A copy of the 172-page affidavit filed by additional director general of police R B Sreekumar has been procured by The Times of India officially from the commission. It lists instances of complicity of the police and politicians in the post-Godhra violence which rocked the state two-and-a-half years ago. It cites specific instances of police subversion in controlling the riots and manipulating investigations to help the perpetrators.

The affidavit annexes an analytical note sent to the then additional chief secretary (home) Ashok Narayan, on April 24, 2002, quoting senior police officers on "officers at the decisive rung of the hierarchical ladder, like inspectors in charge of police stations, ignoring the specific instructions from the official hierarchy on account of their getting direct verbal instructions from the senior political leaders of the ruling party."

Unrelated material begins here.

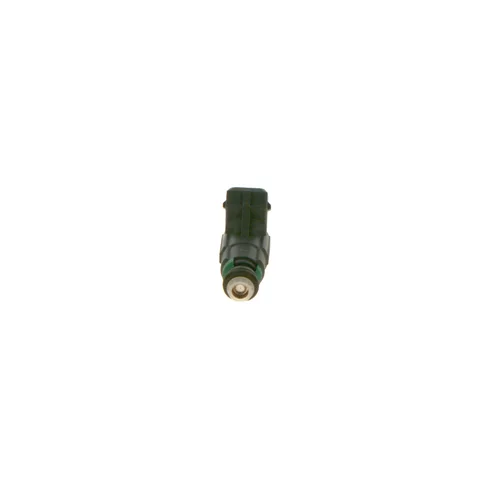 Vstrekovací ventil 0 280 156 324 /BOSCH/ - obr. 4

Sreekumar says in the affidavit, "Such officers have become quite adept in doing the art of deceptive law enforcement for the benefit of their political friends, who ensure their placement and continuance in their choicest executive posts, at the cost of the spirit and letter of the laws of the land." The jitters caused by the affidavit are already evident. The Narendra Modi government says it is "highly sensitive" and "should not be made public."

Sreekumar, who became additional DGP (intelligence), about 40 days after the riots started, was later transferred from the intelligence department because the political leadership suspected his role in the leakage to the media of the infamous Modi tapes. Now in-charge of police reforms and modernisation, Sreekumar cites specific intelligence reports about how a sarpanch owing allegiance to Shiv Sena led a conspiracy to incite communal disturbance even in the relatively peaceful Kutch to deter riot-affected Muslims in other parts of the state from migrating here.

There is also a departmental order forwarded to the then Ahmedabad police commissioner P C Pande and DGP K Chakravarthi, (dated April 26, 2002) talking about "Bajrang Dal (BD) leaders likely to distribute lethal weapons like swords, daggers, acid bulbs, petrol bombs on Hanuman Jayanti to their workers." The affidavit also talks about possible attacks, led by named VHP leaders, on Muslim pockets in several areas of Ahmedabad.